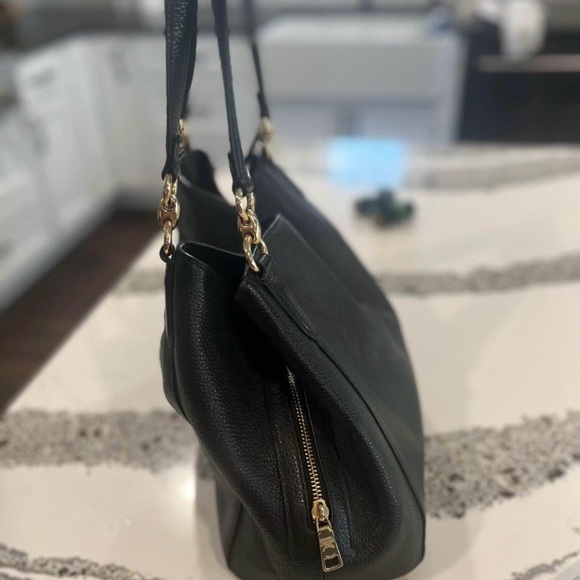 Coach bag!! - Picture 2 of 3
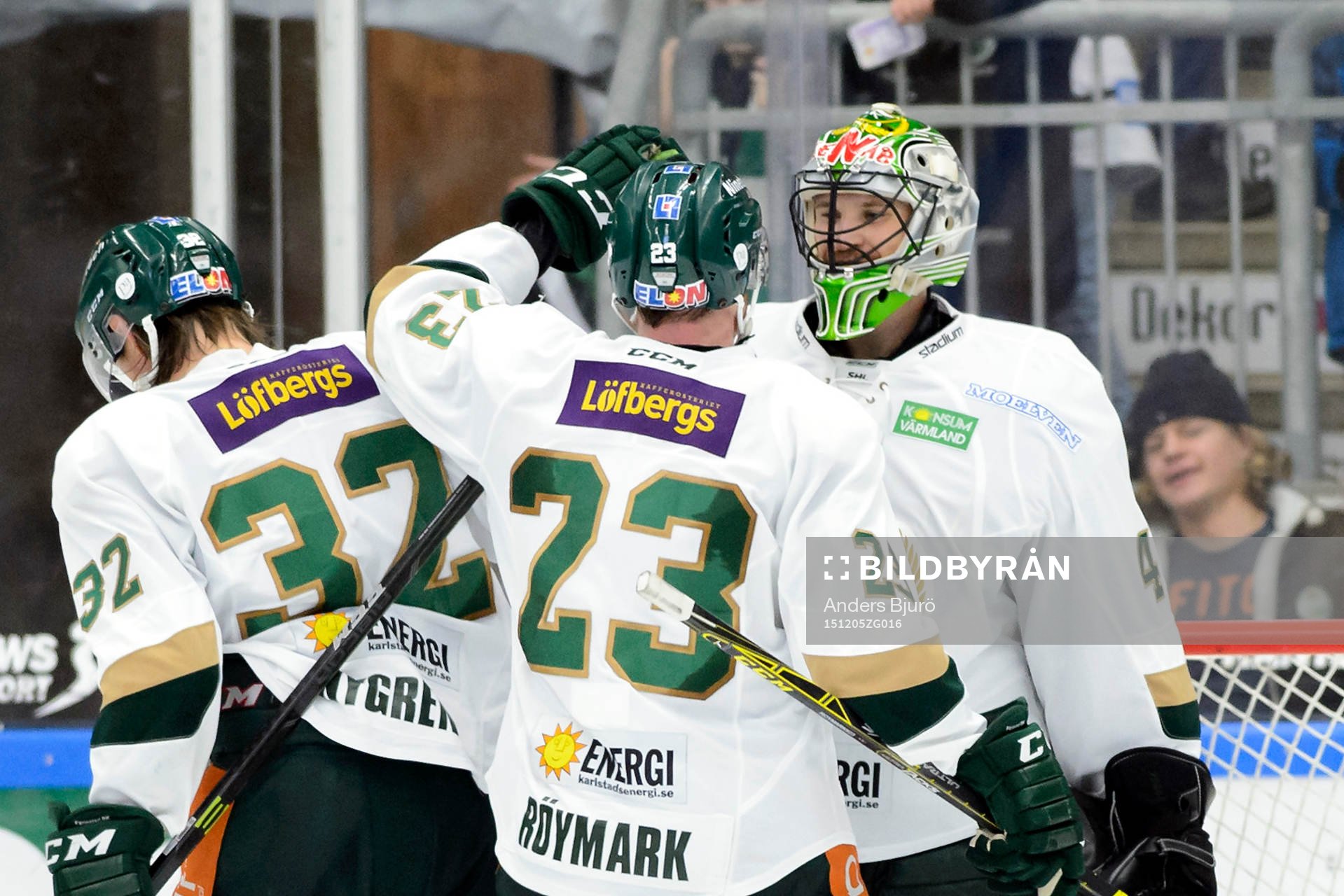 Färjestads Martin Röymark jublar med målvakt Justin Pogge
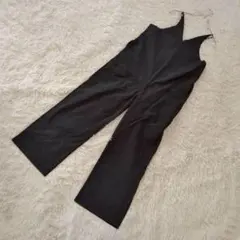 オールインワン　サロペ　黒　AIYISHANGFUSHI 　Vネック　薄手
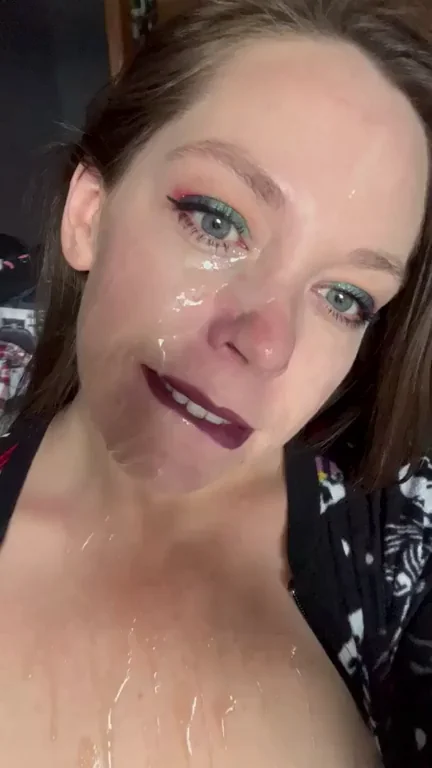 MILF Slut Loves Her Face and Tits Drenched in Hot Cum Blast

Instructions to follow:
From the line with "Färjestads Martin Röymark" through the final line of the data above, copy everything exactly, both ends included, but not the pictures.

Task result:
 Färjestads Martin Röymark jublar med målvakt Justin Pogge
 オールインワン　サロペ　黒　AIYISHANGFUSHI 　Vネック　薄手
 MILF Slut Loves Her Face and Tits Drenched in Hot Cum Blast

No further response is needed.